One of the things I’d noticed in all this was the way debug.exe loaded the game (16 bit DOS) was different to how IDA loads it. IDA loaded it verbatim and debug.exe removed one byte and altered the next.
Anyway with the uncompressed image now in IDA, I spent a week rebuilding the segment table that the game used. I then found my IDA scripts I had written back in 2000 while working on Pool of Radiance and used them to load the overlay file, and correctly re-write the jump tables etc. The first problem I found was that the scripts that I had were not the last version I had developed when working on PoR due to back-up issues, so I spent a week rewriting the scripts. I also fine tuned how they did there work. Once I did that I started to decode the functions, but soon noticed the library functions were all unmarked due to the flirt engine not have been run. So I load the original decoded bin file again and found out how to force the flirt engine to run. I saved off the changes. Somewhere in there I either applied the changes to the work in progress, or just started again with the flirt version, ether way, I started making progress on decoding the game.
This carried on for about a month in total, when I noticed that even though I’d dump 192K of the decoded game memory, I only had ~70K of it in IDA, I then double check the dump procedure, and the ASCII to bin program. In the end the problem lay in ASCII to bin program as I’d put a limit in there for testing (~4000 lines) that was stopping parsing before the end of file was reached. So I re-parsed the ASCII file. Then I wrote a IDA script to import the missing file at the correct point, and extend the segments to deal with it. The original problem was that the data segment was half missing. With this resolved more of data look-ups in the code made sense.

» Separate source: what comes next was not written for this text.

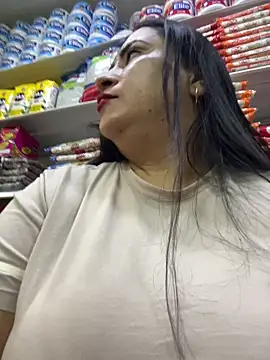 Miia Jazmin online show from April 19, 2026, 1:12 pm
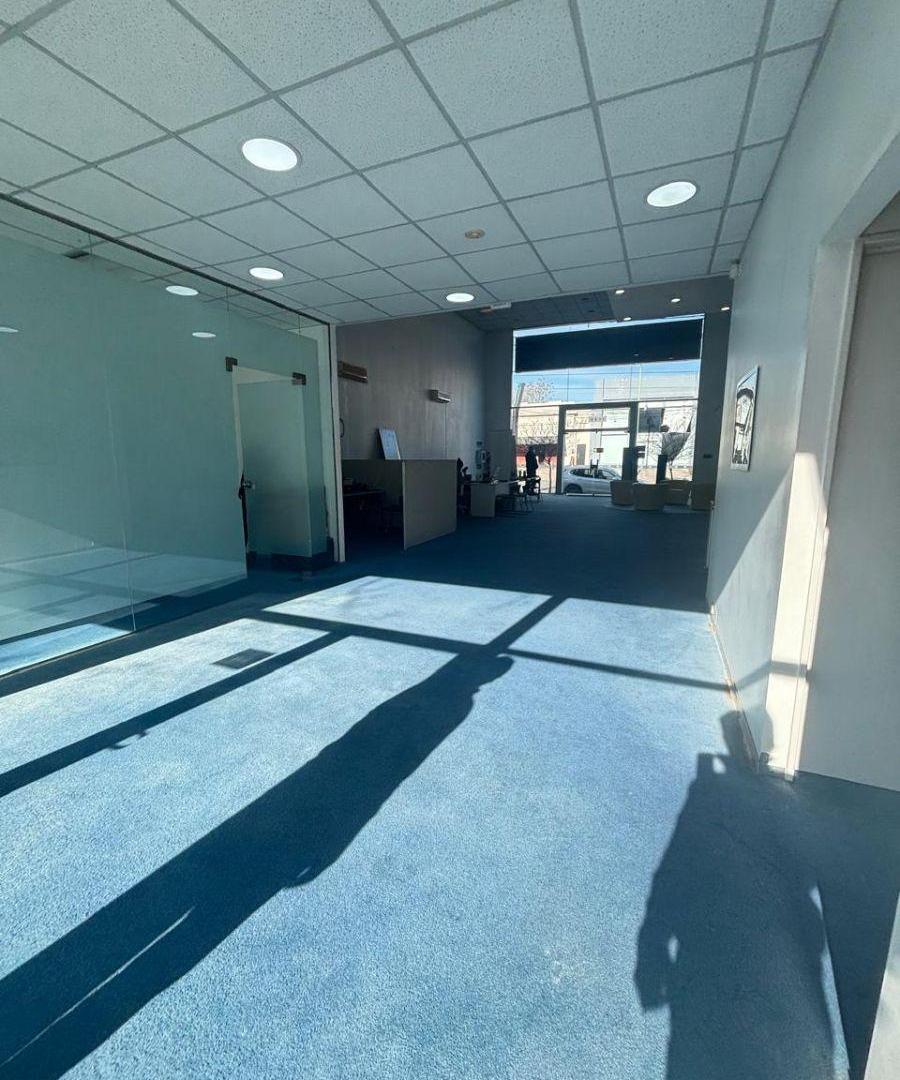 Foto de Local comercial al frente en Sarmiento al 1100, imagen 2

Another month passed, and I now had a pretty good understanding of the game structures used by the game. The biggest problems were the verbosity of the assembly code. So around May I start writing a C# program to translate the assembly code into C#. The first thing I did was create files from the segments. There were about 50 memory segments in the game due to the overlay memory management system. Then I got function blocks parsed and correct C# replacements. I then worked on parsing the parameters, and local variables. All the rest of the assembly was written in as comments.
At this time there was\ ~110K lines of assembly to translate. I started from scratch a few times due to errors in the translator, but I ended up getting good at writing Visual Studio regex to match the asm. In reality the fact the original game was un-optimised Pascal was quite nice. Structure access and assignments are done the same each and every time. The one thing that is very annoying about it been Pascal based is the base 1 arrays. Because the global data segment would have a single address used as a byte, and as a word array, and you need to sort the two usage’s out. This is one place IDA is (or I should say was as I’m using a older version) not to great at.
It is now August and there are only 24,485 lines of assembly left in the code. There are ~2.5K errors to deal with, mainly steaming from parameter mismatch, and C#’s overly picky maths rules. But it’s a work in progress. I’m really enjoying working on it.